Crediamo che in Europa e in Italia ci sia una chiara preferenza verso i fondi income. Questa, al di là delle mode del momento, è una tendenza che ci accompagnerà per molti anni a venire in conseguenza del forte cambiamento demografico in atto in quasi tutti i Paesi europei, tra cui l’Italia. Se nel 1961 in Italia l’età media per un uomo era di 67 anni, oggi questa si attesta a 79. Per le donne, si è passati da 72 a 85 anni. Al tempo stesso, in Italia si registra una diminuita natalità: il tasso di nascite ogni 1.000 persone è praticamente dimezzato rispetto agli anni ‘60 (da 18 a 9) e, conseguentemente, il tasso di dipendenza (ovvero la proporzione di ultra 64enni ogni 100 persone in età lavorativa, n.d.r.) è in continuo aumento (dal 15% al 31%), per cui c’è una forte pressione sulla capacità delle persone di riuscire a integrare il reddito lavorativo o da pensione con guadagni extra regolari e potenzialmente in crescita.

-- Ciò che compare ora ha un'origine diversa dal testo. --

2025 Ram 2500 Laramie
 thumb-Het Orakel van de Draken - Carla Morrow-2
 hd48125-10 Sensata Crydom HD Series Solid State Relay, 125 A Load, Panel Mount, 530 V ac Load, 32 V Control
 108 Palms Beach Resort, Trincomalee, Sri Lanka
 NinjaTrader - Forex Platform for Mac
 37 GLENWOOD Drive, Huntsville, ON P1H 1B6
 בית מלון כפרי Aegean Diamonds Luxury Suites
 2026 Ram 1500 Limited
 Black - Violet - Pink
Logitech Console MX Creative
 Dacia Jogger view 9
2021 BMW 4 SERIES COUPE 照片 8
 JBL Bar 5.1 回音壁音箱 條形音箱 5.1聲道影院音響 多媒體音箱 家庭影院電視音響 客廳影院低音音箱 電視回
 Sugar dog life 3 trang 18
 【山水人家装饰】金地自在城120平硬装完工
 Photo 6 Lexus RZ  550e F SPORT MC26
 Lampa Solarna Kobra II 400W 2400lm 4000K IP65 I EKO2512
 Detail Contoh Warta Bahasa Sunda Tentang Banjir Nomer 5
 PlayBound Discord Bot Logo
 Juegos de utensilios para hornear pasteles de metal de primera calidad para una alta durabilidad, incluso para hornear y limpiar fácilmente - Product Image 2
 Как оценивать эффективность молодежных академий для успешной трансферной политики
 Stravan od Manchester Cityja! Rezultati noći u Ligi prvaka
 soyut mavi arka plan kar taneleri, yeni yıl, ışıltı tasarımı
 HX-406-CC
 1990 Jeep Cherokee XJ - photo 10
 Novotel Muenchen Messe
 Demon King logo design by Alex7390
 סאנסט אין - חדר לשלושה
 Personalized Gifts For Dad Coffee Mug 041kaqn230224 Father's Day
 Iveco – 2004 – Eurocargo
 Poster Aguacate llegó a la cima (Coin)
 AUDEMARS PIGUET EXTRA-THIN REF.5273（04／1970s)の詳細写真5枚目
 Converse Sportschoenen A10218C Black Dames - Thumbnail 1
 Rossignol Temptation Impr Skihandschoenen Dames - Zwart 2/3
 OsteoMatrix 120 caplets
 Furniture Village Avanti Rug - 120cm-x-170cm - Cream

E le vostre strategie a riguardo?
Una delle nostre priorità è offrire ai nostri partner distributori prodotti semplici che ben possano adattarsi alle esigenze degli investitori come la necessità di incrementare il proprio capitale e avere un flusso cedolare crescente. In linea con questo obiettivo, abbiamo ideato un fondo ad hoc per gli investitori europei e italiani, l’M&G Income Allocation, che abbiamo lanciato in Italia a fine 2013: punta a un 4% di cedola variabile non garantita, perché non intendiamo intaccare il capitale. Ha già superato i 200 milioni di asset in gestione, è un fondo clone di uno in sterline che ha già quattro anni di storia e cinque stelle Morningstar. È già a +8% come performance da inizio anno. Insisteremo molto con la pubblicità su questo comparto, che nasce per integrare le pensioni. Investe in bond governativi, corporate, high yield e azioni, per noi è il fondo dei prossimi tre anni. Il secondo semestre, poi, sarà molto focalizzato sugli emergenti, bond e equity. Storicamente siamo stati sottopesati su quest’area geografica, ma pensiamo che ora si possa cominciare a guardare agli emergenti seppure adottando una certa prudenza, con un approccio analitico che vada a sondare le singole emissioni sia per i titoli di Stato sia per i corporate bond. Crediamo infatti che la “fuga” indistinta dagli emergenti abbia creato opportunità di investimento perché in molti Paesi è possibile individuare delle aziende di qualità che stanno migliorando la governance e la politica nei confronti degli azionisti di minoranza. Non abbiamo novità in pipeline ma lanceremo un governativo globale anche in Italia che già esiste in Inghilterra.

Qual è il vostro approccio sulla strategia di allocazione?
Flessibile e bilanciato. Crediamo nell’azionario Usa e Uk, dove cerchiamo aziende che fanno crescere i dividendi. Poi siamo positivi sui Treasury a 30 anni, che hanno già scontato un po’ dei movimenti al rialzo dei tassi. Ci sembra che in un fondo bilanciato flessibile avere questi contrappesi rappresenti un porto sicuro, soprattutto se il sovrappeso equity dovesse fare male. È nell’ottica di protezione del rischio. Quanto agli emergenti, occorre essere molto selettivi. Siamo positivi su bond Messico, Indonesia, Filippine e Sudafrica. La situazione in quei mercati va valutata mese per mese e in generale gli emergenti non si devono considerare un unicum. Sul fronte azionario, alcuni emergenti sono a buon mercato, come per esempio la Corea ma anche i vecchi Bric, e ci sembra che la maggior parte delle possibili notizie negative siano già scontate, mentre il mercato non prezza in alcun modo le possibili sorprese positive. Per esempio, se in Corea distribuire dividendi diventasse un’abitudine positiva, il mercato potrebbe apprezzarsi facilmente di un buon 20-30%.